There have been several rebuttals to the divisive and defensive press conference Hennepin County Attorney Mary Moriarty held Monday to announce she was dropping charges against Minnesota Trooper Ryan Londregan.

Londregan’s defense attorney Chis Madel delivered an impressive counter just after Moriarty’s press conference, and the Minnesota Police and Peace Officers Association, the Minnesota Chief’s of Police Association, and prominent state legislators have all weighed in admirably.

But yesterday’s Star Tribune editorial piece by Martha Holton Dimick is perhaps the best of all, and serves as a poignant reminder of what could have been.

Holton Dimick, a retired Assistant Hennepin County Attorney and Hennepin County Judge, had ran against Moriarty for Hennepin County Attorney in 2022. As an African American resident of North Minneapolis with a respected career in the courtroom, she would have brought credibility, candor, and respect to the position and the issues facing our criminal justice system.

Unfortunately, her law-and-order platform did not resonate at the time with Hennepin County voters who instead bought into Moriarty’s platform of identity politics, “disparity reduction,” and “police accountability.” Yet just a year and a half into her term, the public has become “woke” (in a good way) to the troubling public safety reality Moriarty has delivered.
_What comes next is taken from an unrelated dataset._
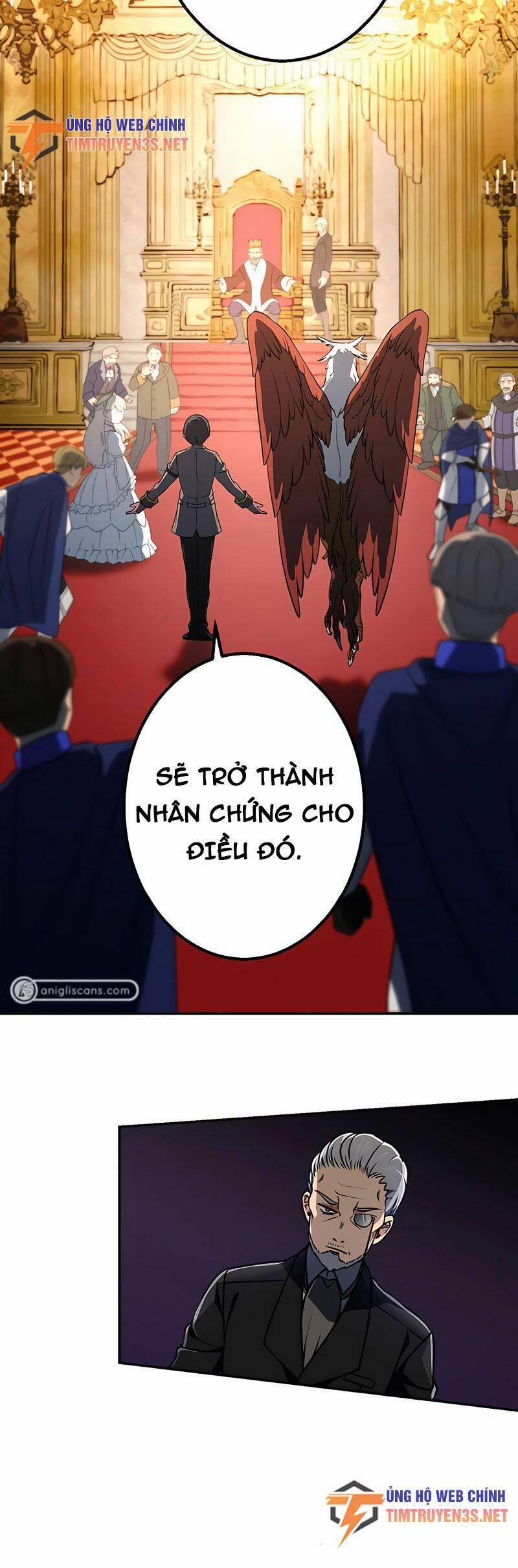 Cuộc Sống Của Một Pháp Sư Xuyên Không Thế Giới Khác 22 trang 27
Holton Dimick began the piece by getting right down to business.

“I’ve known Mary Moriarty for 25 years. She was willing, as a defense attorney, to walk close to the ethical line to free the suspected criminal defendant she was representing. This personal pattern became more damaging as she rose up the ranks and became chief public defender.

I observed her attempts to manipulate the narrative to avoid her impending termination in that role. While she was eventually terminated, she successfully organized an effort to repair her reputation by claiming she was fired because she supported racial justice. That tactic was effective in the political climate present in fall 2020 (although Moriarty is still prohibited from practicing as a public defender in the state of Minnesota).”
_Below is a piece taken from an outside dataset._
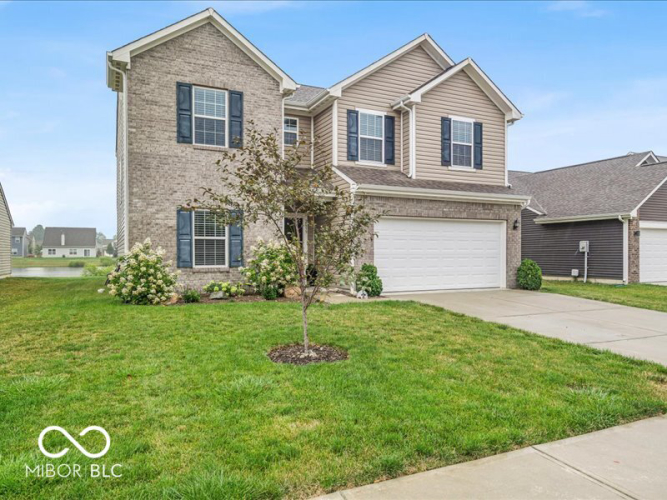2659  Pumpkin Patch Lane Indianapolis, IN 46229 | MLS 21989009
Holton Dimick continued with a multi-point rebuttal to many of Moriarty’s excuses, denials, and explanations regarding her actions in the Trooper Londregan case.

“As Moriarty inevitably pivots her narrative again to avoid confronting her own mistakes, I would like to offer a few distinctions that could help provide moral clarity. Her problem is not her queerness, nor her progressivism, nor even her determination to do exactly what she wants all the time; it is the lack of concern for ethics, justice and honesty as fundamental values that supersede her own personal or political aims.
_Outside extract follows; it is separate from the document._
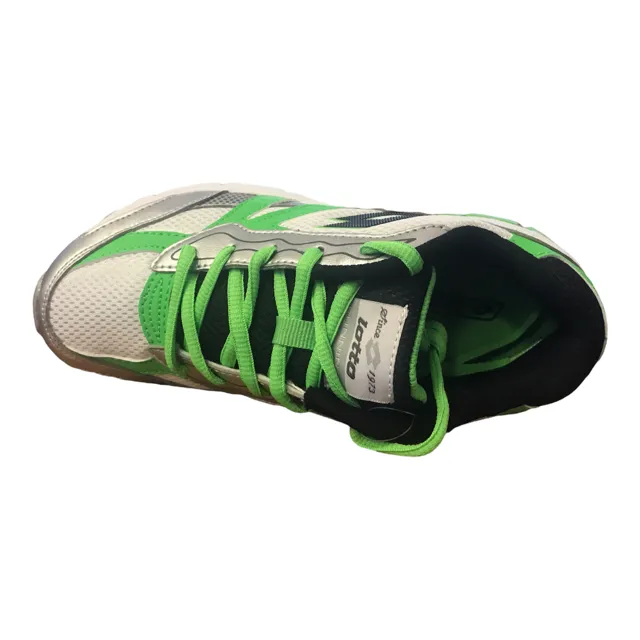 Lotto Zenith III children's sneakers shoe R6050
There is nothing wrong with holding police accountable, but you should not allow your bias against them to impact your charging decisions.

There is nothing wrong with disagreeing with Gov. Walz, but he is not homophobic.

There is nothing wrong with changing your mind about a charging decision, but you should give an honest explanation about why you did so to every audience.

Prosecutors are officers of the court. It’s incumbent upon them to know the laws, follow courtroom procedures and do their best to present cases as accurately and succinctly as possible.”

Holton Dimick concluded with a critical examination of the damage to public safety caused by Moriarty’s lack of candor and willingness to own up to her own errors in the Trooper Londregan case.

“Moriarty’s unethical behavior damages public safety by eroding trust, emboldening violent offenders, and threatening law enforcement’s ability to do their jobs and recruit good officers.

Trooper Londregan, the Cobb family and everyone else involved in this case deserve an apology. More than anything, the citizens of Hennepin County deserve better than this former public defender with an ax to grind.”

Elections do, in fact, have consequences.